(ASSIGNMENT):
Beginning with the first line of the data below, extract each line up to and including the one containing "Cartão De Festividades". Copy them exactly and add nothing.

[Start of Attachment]

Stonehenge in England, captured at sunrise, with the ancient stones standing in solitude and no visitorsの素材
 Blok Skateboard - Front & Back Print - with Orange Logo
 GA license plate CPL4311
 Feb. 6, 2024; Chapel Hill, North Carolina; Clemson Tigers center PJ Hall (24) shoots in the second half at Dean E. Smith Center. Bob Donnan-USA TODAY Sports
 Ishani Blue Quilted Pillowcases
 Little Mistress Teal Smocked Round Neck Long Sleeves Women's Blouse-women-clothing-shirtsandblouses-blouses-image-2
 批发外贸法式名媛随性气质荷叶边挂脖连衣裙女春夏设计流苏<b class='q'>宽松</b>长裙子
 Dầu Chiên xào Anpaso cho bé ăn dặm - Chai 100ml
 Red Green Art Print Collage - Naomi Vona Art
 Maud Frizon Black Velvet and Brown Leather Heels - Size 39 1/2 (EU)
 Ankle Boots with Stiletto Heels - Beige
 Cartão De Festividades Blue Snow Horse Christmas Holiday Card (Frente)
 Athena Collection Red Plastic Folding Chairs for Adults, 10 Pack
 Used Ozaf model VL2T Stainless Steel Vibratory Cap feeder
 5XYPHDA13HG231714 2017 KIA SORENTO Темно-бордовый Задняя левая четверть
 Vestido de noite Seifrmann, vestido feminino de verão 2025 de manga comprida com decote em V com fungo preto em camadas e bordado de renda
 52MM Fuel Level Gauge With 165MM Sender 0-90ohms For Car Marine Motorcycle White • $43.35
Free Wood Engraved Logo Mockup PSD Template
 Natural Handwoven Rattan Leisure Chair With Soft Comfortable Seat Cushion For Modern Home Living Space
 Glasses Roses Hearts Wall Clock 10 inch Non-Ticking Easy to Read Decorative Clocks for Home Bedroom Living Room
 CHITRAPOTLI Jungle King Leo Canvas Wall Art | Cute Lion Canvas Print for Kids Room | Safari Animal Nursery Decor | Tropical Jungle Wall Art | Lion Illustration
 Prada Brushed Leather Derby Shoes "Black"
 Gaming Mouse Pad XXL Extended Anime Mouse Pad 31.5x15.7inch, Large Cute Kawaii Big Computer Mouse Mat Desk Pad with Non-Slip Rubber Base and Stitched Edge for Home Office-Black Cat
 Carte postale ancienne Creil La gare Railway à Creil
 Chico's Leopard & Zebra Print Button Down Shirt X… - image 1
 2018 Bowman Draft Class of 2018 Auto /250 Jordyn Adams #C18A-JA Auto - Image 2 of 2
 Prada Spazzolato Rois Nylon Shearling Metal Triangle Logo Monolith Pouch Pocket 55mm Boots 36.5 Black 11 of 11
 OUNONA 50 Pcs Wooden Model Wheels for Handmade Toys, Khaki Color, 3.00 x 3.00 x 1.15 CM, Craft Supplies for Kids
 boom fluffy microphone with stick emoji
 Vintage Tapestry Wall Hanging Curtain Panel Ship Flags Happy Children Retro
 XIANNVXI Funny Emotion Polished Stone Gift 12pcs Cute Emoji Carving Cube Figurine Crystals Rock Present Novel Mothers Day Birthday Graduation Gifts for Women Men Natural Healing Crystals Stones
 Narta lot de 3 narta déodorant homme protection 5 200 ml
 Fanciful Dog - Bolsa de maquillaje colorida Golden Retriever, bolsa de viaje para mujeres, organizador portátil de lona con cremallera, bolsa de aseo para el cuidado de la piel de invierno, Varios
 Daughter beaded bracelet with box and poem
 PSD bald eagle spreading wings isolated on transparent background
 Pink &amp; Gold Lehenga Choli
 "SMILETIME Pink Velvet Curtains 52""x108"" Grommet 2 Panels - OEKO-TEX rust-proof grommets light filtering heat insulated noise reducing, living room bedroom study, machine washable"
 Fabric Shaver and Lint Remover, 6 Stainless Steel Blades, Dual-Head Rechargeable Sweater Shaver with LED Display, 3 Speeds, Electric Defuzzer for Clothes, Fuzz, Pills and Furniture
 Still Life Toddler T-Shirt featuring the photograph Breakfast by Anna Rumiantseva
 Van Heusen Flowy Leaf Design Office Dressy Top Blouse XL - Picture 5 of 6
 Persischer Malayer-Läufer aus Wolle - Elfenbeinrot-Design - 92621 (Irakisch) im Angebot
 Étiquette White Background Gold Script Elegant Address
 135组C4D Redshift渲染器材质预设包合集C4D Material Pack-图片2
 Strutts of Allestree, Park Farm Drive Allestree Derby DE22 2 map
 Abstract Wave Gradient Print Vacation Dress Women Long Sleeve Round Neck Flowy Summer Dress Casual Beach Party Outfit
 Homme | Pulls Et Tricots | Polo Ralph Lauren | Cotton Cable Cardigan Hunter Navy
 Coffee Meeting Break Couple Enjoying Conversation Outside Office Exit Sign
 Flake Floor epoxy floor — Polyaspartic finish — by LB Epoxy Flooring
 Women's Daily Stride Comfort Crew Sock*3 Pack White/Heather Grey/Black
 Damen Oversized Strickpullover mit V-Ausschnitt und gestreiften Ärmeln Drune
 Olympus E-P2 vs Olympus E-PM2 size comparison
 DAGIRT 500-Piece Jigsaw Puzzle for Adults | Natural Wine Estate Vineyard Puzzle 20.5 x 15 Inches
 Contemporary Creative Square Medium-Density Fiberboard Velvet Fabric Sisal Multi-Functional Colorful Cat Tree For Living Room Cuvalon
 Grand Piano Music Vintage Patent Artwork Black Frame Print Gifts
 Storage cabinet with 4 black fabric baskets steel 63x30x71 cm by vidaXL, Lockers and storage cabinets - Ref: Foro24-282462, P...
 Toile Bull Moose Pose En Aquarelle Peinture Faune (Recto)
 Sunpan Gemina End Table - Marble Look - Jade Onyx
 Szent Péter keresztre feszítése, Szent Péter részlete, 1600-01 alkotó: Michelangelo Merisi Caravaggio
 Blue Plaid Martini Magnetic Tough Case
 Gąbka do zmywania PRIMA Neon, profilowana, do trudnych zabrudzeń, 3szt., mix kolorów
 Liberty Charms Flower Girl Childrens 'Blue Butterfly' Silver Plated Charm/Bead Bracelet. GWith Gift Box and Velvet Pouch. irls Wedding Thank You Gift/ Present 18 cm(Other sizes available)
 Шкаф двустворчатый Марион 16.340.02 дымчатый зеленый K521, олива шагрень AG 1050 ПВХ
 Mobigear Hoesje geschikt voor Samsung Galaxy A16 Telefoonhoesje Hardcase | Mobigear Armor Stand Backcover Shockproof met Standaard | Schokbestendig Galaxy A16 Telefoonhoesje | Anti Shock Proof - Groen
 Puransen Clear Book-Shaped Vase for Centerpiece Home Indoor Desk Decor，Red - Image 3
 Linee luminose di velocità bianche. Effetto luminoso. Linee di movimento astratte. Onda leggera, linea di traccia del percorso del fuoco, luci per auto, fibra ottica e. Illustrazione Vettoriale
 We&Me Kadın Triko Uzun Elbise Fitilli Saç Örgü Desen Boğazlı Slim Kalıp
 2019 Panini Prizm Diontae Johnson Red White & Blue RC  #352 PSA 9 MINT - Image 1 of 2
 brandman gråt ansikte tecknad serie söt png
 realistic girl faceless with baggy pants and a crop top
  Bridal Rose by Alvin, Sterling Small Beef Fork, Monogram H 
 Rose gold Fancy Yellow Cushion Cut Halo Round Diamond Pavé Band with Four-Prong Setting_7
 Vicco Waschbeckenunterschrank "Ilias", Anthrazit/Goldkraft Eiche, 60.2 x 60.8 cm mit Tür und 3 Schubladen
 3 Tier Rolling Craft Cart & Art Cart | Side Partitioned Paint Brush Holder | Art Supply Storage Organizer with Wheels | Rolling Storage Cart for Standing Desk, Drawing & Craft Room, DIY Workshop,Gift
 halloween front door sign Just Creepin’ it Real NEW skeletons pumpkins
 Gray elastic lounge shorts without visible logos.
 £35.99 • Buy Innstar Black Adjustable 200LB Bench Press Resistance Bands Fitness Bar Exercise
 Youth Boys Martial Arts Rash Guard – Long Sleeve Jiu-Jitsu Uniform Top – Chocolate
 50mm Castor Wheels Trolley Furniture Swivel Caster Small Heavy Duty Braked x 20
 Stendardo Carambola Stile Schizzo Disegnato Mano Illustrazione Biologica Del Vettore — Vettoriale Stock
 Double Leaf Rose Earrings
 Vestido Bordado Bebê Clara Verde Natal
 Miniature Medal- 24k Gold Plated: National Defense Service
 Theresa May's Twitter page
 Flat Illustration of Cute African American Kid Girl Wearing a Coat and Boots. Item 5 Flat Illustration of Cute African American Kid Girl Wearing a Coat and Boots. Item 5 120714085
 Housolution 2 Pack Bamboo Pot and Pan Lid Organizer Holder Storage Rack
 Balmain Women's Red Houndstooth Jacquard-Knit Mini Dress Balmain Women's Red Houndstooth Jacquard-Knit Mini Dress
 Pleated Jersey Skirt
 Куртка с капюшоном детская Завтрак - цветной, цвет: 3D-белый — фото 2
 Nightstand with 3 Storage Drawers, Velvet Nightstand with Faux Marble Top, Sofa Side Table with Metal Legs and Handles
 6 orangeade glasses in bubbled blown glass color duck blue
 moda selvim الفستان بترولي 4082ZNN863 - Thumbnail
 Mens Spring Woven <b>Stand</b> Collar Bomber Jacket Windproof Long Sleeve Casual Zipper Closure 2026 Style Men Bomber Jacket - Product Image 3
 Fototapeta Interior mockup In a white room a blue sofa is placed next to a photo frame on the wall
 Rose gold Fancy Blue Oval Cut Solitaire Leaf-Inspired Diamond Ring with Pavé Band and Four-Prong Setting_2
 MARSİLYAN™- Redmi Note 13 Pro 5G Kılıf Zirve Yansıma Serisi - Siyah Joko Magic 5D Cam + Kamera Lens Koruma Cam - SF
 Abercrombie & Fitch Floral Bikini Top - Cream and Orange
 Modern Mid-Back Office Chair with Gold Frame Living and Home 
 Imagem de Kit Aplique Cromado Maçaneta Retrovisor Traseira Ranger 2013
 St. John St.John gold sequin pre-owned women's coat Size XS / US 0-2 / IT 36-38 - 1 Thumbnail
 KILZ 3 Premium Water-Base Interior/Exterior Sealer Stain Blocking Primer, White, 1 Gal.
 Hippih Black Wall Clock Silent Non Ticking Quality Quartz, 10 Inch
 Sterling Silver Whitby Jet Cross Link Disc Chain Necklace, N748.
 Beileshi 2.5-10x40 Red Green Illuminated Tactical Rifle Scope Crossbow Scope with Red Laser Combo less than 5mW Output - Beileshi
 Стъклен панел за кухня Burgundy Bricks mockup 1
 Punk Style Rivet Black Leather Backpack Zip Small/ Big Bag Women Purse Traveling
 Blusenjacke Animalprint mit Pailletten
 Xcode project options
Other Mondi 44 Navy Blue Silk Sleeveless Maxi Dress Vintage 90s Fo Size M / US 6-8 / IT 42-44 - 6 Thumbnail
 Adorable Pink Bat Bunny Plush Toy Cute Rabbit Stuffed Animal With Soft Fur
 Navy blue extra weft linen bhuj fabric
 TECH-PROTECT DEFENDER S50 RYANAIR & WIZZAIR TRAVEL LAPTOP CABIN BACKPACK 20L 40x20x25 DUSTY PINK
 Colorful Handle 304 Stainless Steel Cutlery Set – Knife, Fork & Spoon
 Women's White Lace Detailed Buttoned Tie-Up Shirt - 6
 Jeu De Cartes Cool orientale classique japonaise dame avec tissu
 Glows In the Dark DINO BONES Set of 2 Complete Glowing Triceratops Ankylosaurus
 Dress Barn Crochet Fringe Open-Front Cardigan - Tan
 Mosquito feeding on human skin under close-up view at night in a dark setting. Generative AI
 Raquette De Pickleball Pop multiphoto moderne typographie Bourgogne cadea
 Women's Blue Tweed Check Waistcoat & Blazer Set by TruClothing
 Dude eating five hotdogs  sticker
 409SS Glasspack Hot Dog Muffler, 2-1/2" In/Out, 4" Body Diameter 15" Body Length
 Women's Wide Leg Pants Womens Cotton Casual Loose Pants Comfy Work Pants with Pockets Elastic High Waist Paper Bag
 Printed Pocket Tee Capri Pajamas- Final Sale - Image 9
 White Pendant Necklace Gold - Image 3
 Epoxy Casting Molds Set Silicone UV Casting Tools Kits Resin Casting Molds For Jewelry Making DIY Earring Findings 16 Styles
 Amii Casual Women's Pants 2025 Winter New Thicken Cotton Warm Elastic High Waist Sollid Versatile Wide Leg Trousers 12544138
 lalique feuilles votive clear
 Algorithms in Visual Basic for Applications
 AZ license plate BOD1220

[End of Attachment]

(REPLY TO THE EXERCISE):
Stonehenge in England, captured at sunrise, with the ancient stones standing in solitude and no visitorsの素材
 Blok Skateboard - Front & Back Print - with Orange Logo
 GA license plate CPL4311
 Feb. 6, 2024; Chapel Hill, North Carolina; Clemson Tigers center PJ Hall (24) shoots in the second half at Dean E. Smith Center. Bob Donnan-USA TODAY Sports
 Ishani Blue Quilted Pillowcases
 Little Mistress Teal Smocked Round Neck Long Sleeves Women's Blouse-women-clothing-shirtsandblouses-blouses-image-2
 批发外贸法式名媛随性气质荷叶边挂脖连衣裙女春夏设计流苏<b class='q'>宽松</b>长裙子
 Dầu Chiên xào Anpaso cho bé ăn dặm - Chai 100ml
 Red Green Art Print Collage - Naomi Vona Art
 Maud Frizon Black Velvet and Brown Leather Heels - Size 39 1/2 (EU)
 Ankle Boots with Stiletto Heels - Beige
 Cartão De Festividades Blue Snow Horse Christmas Holiday Card (Frente)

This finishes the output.